[[ Available records, beginning ]]
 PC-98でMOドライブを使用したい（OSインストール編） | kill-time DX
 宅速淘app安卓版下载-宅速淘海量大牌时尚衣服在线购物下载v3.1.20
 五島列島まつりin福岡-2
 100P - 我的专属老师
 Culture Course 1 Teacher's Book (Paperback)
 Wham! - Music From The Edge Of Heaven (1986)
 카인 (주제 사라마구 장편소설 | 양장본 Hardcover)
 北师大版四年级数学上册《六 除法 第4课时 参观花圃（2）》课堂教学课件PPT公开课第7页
[[ Available records, end ]]
[[ Available records, beginning ]]
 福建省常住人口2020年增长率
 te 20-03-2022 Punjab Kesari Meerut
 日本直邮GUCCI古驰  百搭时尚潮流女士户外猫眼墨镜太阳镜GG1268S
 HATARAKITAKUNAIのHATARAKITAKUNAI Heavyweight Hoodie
[[ Available records, end ]]
[[ Available records, beginning ]]
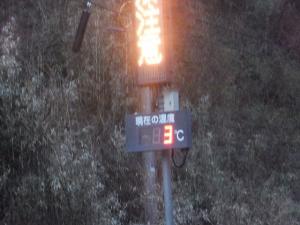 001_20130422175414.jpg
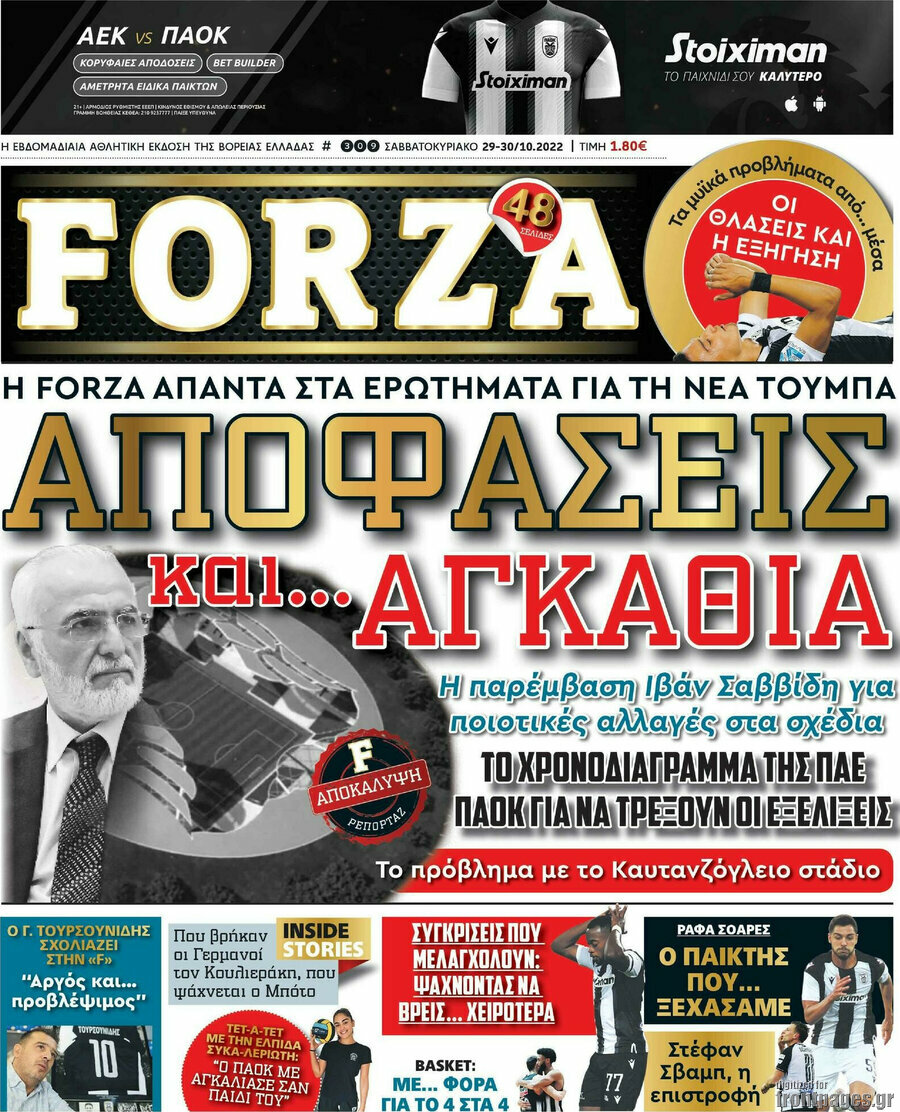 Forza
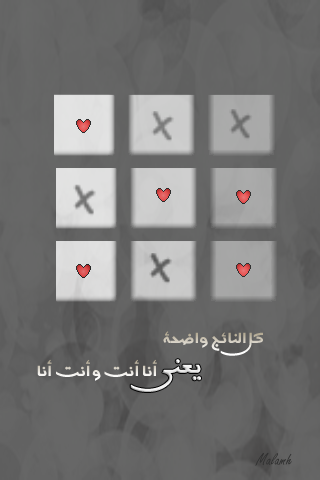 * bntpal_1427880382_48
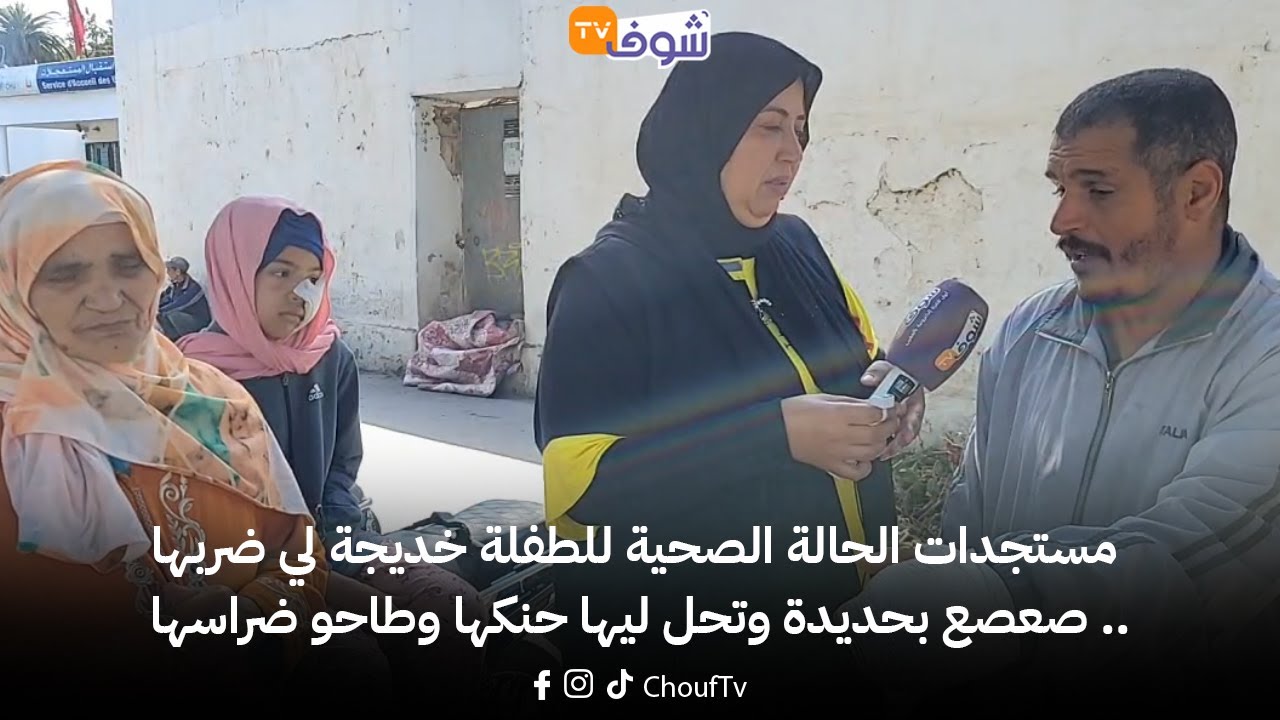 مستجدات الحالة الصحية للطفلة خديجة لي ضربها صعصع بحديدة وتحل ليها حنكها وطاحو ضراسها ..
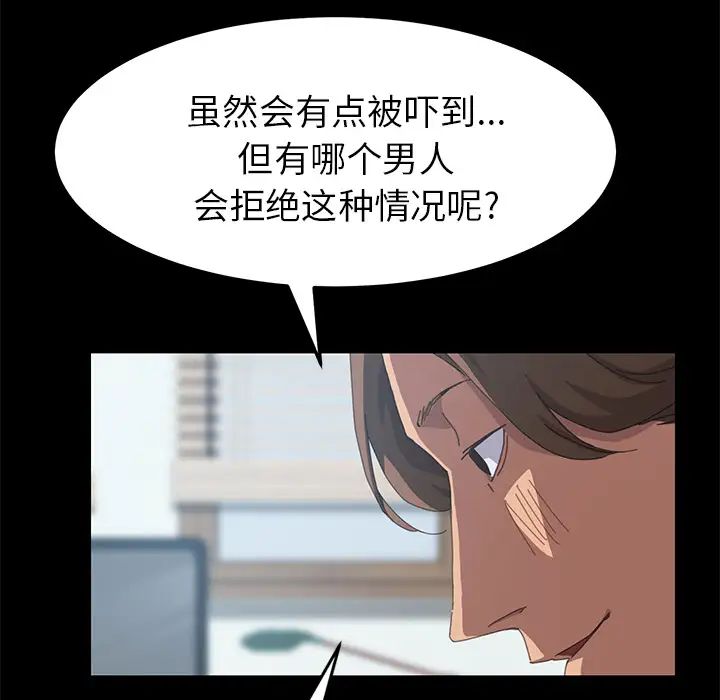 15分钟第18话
[[ Available records, end ]]
Task to complete —
With the first line being the one containing "福建省常住人口2020年增长率" and the last line the one containing "HATARAKITAKUNAIのHATARAKITAKUNAI Heavyweight Hoodie", transcribe exactly the lines above that fall in that range.

Answer for this exercise —
 福建省常住人口2020年增长率
 te 20-03-2022 Punjab Kesari Meerut
 日本直邮GUCCI古驰  百搭时尚潮流女士户外猫眼墨镜太阳镜GG1268S
 HATARAKITAKUNAIのHATARAKITAKUNAI Heavyweight Hoodie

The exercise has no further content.